Да, обычно за людьми всегда стояли их скрытые мотивы, погребенные внутри.
Но, к сожалению, почти всегда они оказывались гадкими.
Все, кто ложился к ней в сознание без приглашения и спроса, ей открывались теми, кто имел красивый вид.
Красивый вид и спрятанные души, почти прогнившие внутри.
Она не была ханжой. Она сама скрывала многое и понимала, что никто не скажет о своих пороках, страхах и ошибках, выставляя их вперед.
Но это чувство безнадежности и горя, которое кипело у нее внутри от осознания того, что ей не удается с этим примириться, не удается перестать все это ощущать, не давало ей вернуться к жизни.
Гермиона могла бы закрыть глаза на многое, прекратить все это просто для себя воспринимать; отгородиться, сделать вид, что этого не существует.
Она имела опыт до почти семнадцати красивых лет. Она смогла бы жить с подобным раньше.
Но чувства, проникающие ей по венам, не давали ей больше это совершить.
Даже с тем кольцом, которое она надела, мысли, возвращающие в миг, когда она такое испытала, вновь приносили ощущения, которые ей больше не забыть.
Возможно, она окончательно свихнулась.
Возможно, ей пора об этом заявить и попросить о помощи.
Возможно, ей нужно проснуться и вздохнуть от облегчения, что все ее удушливые месяцы — лишь новоявленный кошмар, который с темнотой развеется.
Возможно, но… Малфой, без предупреждения пронзивший ее своей дикой болью и поразивший ее силой и не соответствием с нутром, оказался тем единственным, который ошарашил ей не только уязвленное им тело, но и разум, показав, что все бывает переменно.

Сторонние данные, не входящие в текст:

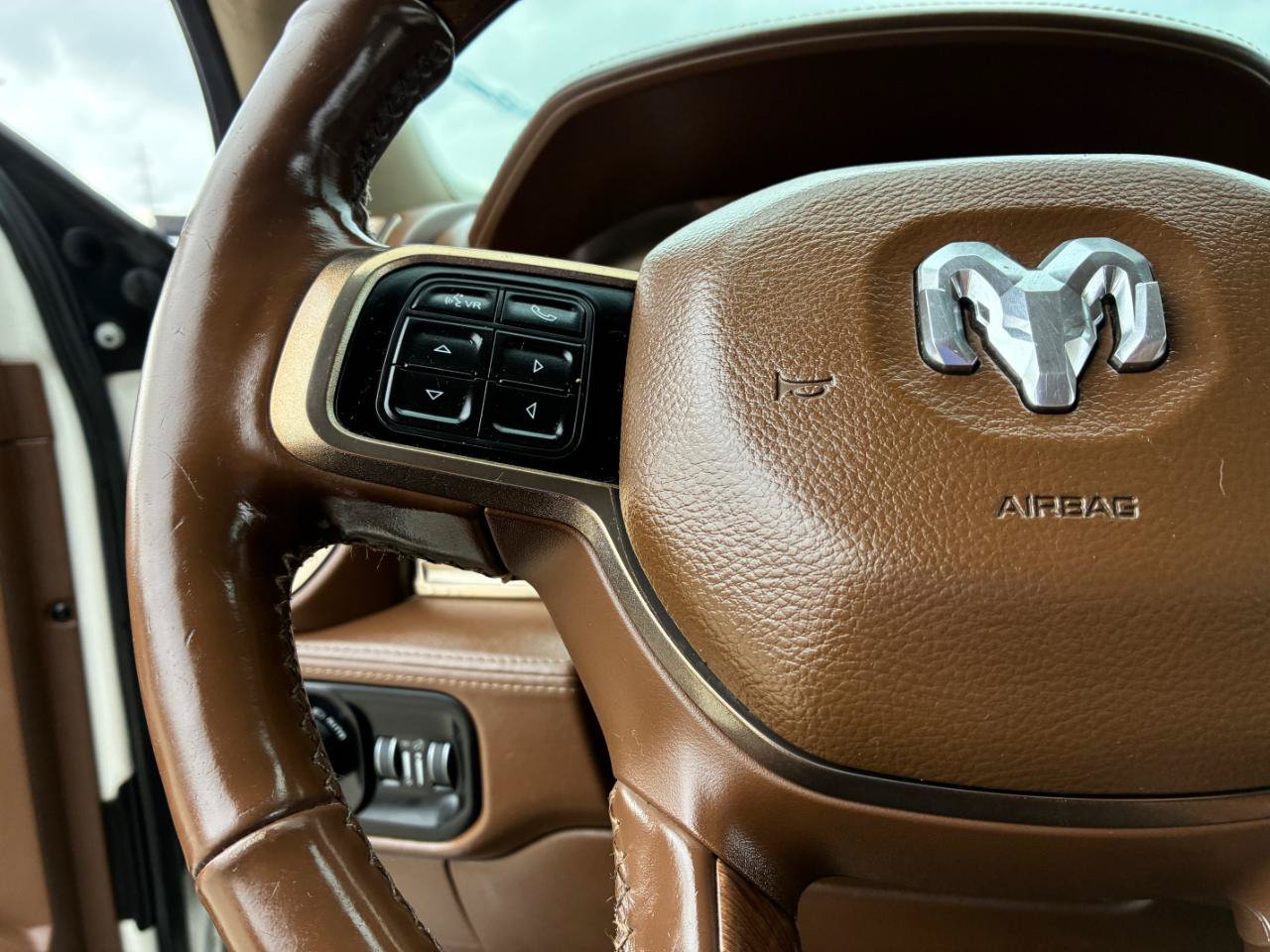 Used 2019 RAM 3500 Limited AWD/4WD image 29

Он был единственным, кто ощущался как глоток воды посередине ночи.
Когда она смогла отмыться от агонии его прикрытой и скрепленной боли под печатями из обороны, немыслимой по силе; окклюменции, как оказалось, которой он так хорошо владел; и злобы, выступающей лишь для него защитным элементом, она смогла почувствовать за всеми отголосками его.
И это поразило ее своим резонансом.
Тот образ, что он создал для себя; тот образ, у которого высокомерная походка, гадкие слова и мерзкие поступки, в одно мгновение разбился на ее глазах, поспешно улетая с Башни.

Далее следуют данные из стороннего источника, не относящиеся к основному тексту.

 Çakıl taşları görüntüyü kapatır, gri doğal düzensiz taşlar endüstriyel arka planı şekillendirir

За болью, бесконечной болью, которую ее ужасно непрофессиональный ритуал совсем немного подобрал, скрывался оглушающий кошмар, который открывался страхом.
Который открывался одиночеством и поглощающим себя по силе ощущением вины, хлестающим без остановки.
Там был потерянный, испуганный и совсем юный мальчик, который вынужден носить броню и бить в ответ.
Гермиона знала, что со стороны, увидь их кто-нибудь и сделай вывод, она бы выглядела как отчаявшаяся и ничего не видящая идиотка, которая пыталась приручить того, кто был рожден охотиться за своей жертвой.
Но все его обидные слова были лишь выстрелами за защитной пленкой, которую она бесцеремонно отняла.
Если бы он действительно хотел ей сделать больно; если бы он ее по-прежнему считал волшебницей, что недостойна пользоваться тем, что было ей дано; если бы он внутри нее не ощущался правдой, скрытой ложью, выставленной напоказ, — она бы никогда и ни за что там не осталась. Она бы никогда и ни за что не стала ему помогать.
Скорее всего.
Скорее да, чем нет.
Но это были лишь хорошие для чужих глаз и ощущений маски, которые трещали на ее руках.